Redditors are scratching their heads — and wallets — after a user in r/EndTipping revealed her grocery store quietly tacked on a $1 tip to her $1.50 soda.
“I chose no tip… they still charged me a 67% tip,” she fumed (without naming the exact store or location), posting a screenshot of the receipt that showed the sneaky charge.
The poster said she selected $0 on the Square checkout screen, but the store added the dollar anyway.
“They didn’t even put it in a bag for me,” she vented. “When I got my email receipt, I noticed that the cashier appeared to have tipped herself a dollar!”
When the OP called to protest, she was told the only way to remove it was to contact the store directly — a hassle for a charge smaller than a latte.
Commenters were equally outraged. “File a chargeback. It’ll cost them a lot more than a dollar,” one advised.
Another fumed, “That’s just ridiculous.
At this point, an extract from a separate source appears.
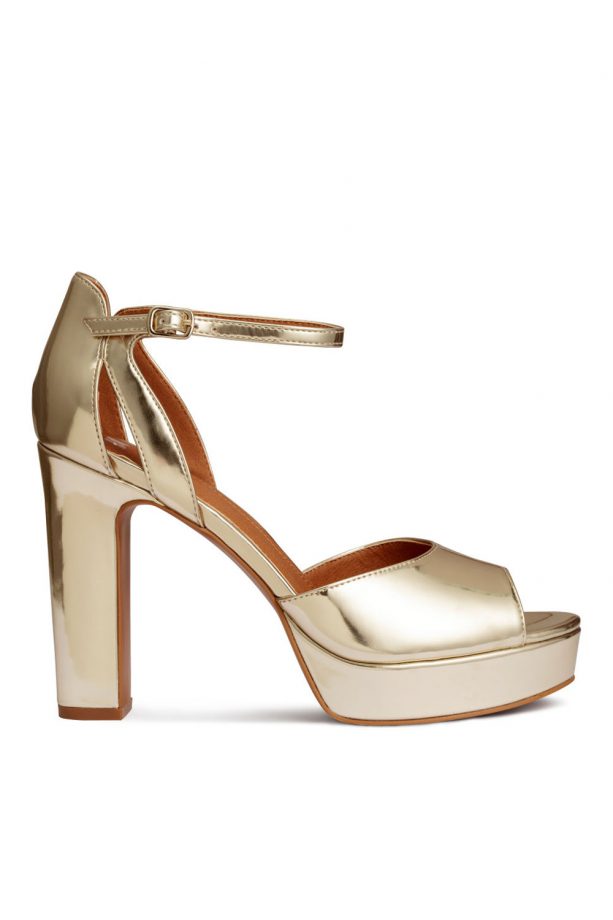 H&M Platform Sandals, £29.99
I would not be shopping at that store anymore.”
One added with snark, “Since when do workers at a grocery store even get tipped?? Especially if they aren’t picking/delivering… I’m petty enough to take notes/photos and turn their asses in.”
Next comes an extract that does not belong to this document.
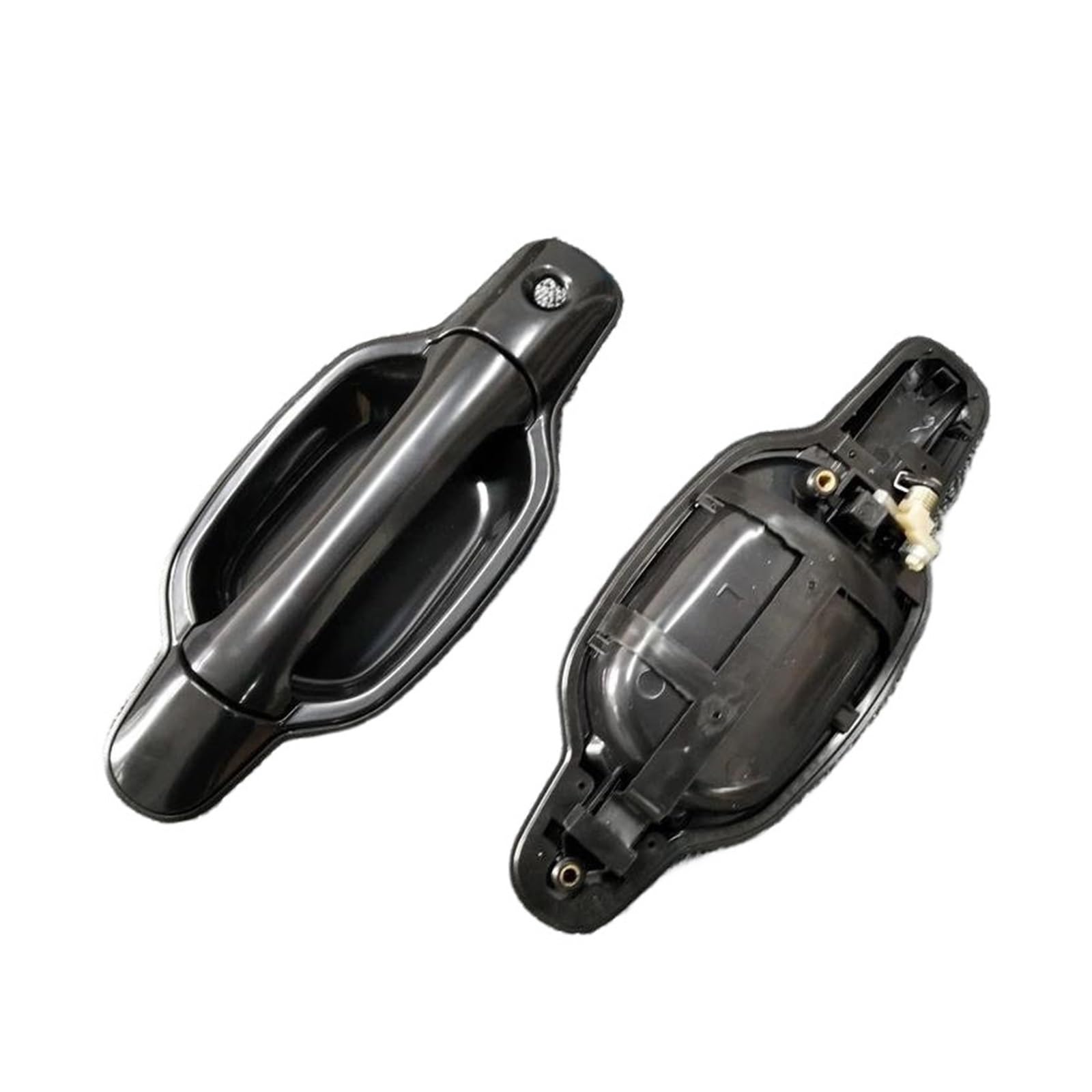 Auto Linkslenker Außentürgriff Für Great Für Wall V200 / V240 Türgriff Vorne Und Hinten Tür Außengriff Wingle3 Wingle 5 Schwarz/Chrom 2009–2013 Exterieur Auto Türgriff(Schwarz,Rear RH) von NOKRGQW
Some flagged the potential legal issue: one noted it “violates” Square’s terms of service if tips are charged without consent, and suggested using a “credit card chargeback.”
Another vented about the creeping culture of mandatory tipping: “Half the time, these digital tips never reach the workers’ pockets; the Uber CEO and Jeff Bezos were stealing tips.”
The saga highlights a growing frustration with the digital tipping trend, where even a tiny can of soda can feel like a hidden surcharge.
As previously reported by The Post this month, customers are notably accusing Dave & Buster’s of running a tipping “scam” by inflating suggested gratuities on digital payment screens.
A Reddit user said she visited the arcade-and-restaurant with family and used Apple Pay when her sister forgot her card.
The digital tip suggestions didn’t match the printed receipt: the $86.88 bill suggested 18% ($15.64), 20% ($17.38), or 22% ($19.11) digitally, but the paper receipt showed $14.48, $16.09, or $17.70 for the same percentages.
The discrepancy had people wondering if the system was padding tips on purpose.
Some argued it was likely a tax-related calculation — digital tips post-tax, paper pre-tax — while more commenters called the practice “shady” or decried modern tipping culture as a “travesty.”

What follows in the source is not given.